[Stored items from a collection]
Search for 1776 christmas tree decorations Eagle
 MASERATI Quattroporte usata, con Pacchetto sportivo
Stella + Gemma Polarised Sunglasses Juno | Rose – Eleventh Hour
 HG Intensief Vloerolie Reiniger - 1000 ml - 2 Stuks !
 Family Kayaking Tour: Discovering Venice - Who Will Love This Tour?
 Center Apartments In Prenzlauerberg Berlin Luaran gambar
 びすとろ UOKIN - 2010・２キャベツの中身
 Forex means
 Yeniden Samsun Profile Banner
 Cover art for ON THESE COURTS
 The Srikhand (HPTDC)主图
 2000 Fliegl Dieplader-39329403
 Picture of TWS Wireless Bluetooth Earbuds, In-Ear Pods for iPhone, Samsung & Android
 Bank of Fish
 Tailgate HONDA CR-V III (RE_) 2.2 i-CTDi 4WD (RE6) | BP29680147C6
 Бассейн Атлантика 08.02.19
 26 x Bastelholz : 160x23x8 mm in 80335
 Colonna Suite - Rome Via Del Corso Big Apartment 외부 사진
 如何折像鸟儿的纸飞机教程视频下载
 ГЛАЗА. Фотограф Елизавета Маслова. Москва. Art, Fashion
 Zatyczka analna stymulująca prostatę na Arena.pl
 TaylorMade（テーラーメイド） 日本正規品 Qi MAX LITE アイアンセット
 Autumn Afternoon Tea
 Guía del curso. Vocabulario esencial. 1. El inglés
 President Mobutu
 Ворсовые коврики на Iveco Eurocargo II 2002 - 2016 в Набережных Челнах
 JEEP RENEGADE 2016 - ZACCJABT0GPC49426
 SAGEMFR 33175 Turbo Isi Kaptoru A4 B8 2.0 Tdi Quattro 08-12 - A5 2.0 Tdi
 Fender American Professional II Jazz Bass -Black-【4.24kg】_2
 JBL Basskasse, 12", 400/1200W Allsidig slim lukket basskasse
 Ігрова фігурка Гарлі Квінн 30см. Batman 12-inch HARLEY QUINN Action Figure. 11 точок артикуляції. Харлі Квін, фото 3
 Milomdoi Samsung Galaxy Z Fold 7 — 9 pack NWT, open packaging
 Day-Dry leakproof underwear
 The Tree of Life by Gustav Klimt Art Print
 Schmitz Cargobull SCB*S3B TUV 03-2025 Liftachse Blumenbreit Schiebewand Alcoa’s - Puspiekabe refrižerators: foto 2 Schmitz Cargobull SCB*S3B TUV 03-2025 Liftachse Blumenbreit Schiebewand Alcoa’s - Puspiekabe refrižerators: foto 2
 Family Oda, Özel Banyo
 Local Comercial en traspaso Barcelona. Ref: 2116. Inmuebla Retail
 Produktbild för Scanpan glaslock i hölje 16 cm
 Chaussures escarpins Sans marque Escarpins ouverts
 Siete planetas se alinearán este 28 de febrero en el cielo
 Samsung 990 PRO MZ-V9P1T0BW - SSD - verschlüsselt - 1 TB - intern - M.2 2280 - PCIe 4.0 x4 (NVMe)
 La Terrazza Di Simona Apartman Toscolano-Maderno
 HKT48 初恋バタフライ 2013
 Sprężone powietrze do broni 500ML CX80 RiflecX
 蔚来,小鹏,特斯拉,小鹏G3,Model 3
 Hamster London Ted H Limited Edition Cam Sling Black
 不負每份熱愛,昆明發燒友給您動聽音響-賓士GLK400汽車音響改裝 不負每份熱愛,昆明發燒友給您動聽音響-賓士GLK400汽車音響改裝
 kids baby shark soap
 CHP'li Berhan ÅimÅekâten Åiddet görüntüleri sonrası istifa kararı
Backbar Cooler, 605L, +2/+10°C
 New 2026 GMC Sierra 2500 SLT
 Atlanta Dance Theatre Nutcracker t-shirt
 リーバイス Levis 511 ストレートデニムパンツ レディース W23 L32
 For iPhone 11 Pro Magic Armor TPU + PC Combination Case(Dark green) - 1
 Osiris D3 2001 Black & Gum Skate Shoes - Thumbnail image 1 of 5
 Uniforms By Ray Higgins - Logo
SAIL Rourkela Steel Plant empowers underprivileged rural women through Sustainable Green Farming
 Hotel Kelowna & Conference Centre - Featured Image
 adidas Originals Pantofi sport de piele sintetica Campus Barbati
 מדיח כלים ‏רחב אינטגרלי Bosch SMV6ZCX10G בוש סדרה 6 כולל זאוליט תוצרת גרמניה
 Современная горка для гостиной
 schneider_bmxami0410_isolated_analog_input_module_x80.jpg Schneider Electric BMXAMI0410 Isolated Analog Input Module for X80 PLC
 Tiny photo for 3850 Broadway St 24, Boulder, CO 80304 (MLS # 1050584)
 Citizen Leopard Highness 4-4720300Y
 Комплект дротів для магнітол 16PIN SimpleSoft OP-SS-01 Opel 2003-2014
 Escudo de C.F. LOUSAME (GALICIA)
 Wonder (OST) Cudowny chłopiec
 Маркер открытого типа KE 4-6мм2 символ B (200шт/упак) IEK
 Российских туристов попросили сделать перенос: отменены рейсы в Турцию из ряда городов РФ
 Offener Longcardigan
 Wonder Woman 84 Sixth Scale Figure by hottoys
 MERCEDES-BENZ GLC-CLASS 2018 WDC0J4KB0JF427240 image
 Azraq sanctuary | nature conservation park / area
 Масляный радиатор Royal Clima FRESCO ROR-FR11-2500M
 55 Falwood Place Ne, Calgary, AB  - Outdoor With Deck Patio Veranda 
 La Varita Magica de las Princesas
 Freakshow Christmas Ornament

◆ **WORK INSTRUCTION**:
Your task for the entries above: copy exactly the span starting with the line with "Uniforms By Ray Higgins - Logo" and going on through the line with "Маркер открытого типа", both lines included, and nothing else.

◆ **FINAL ANSWER**:
 Uniforms By Ray Higgins - Logo
SAIL Rourkela Steel Plant empowers underprivileged rural women through Sustainable Green Farming
 Hotel Kelowna & Conference Centre - Featured Image
 adidas Originals Pantofi sport de piele sintetica Campus Barbati
 מדיח כלים ‏רחב אינטגרלי Bosch SMV6ZCX10G בוש סדרה 6 כולל זאוליט תוצרת גרמניה
 Современная горка для гостиной
 schneider_bmxami0410_isolated_analog_input_module_x80.jpg Schneider Electric BMXAMI0410 Isolated Analog Input Module for X80 PLC
 Tiny photo for 3850 Broadway St 24, Boulder, CO 80304 (MLS # 1050584)
 Citizen Leopard Highness 4-4720300Y
 Комплект дротів для магнітол 16PIN SimpleSoft OP-SS-01 Opel 2003-2014
 Escudo de C.F. LOUSAME (GALICIA)
 Wonder (OST) Cudowny chłopiec
 Маркер открытого типа KE 4-6мм2 символ B (200шт/упак) IEK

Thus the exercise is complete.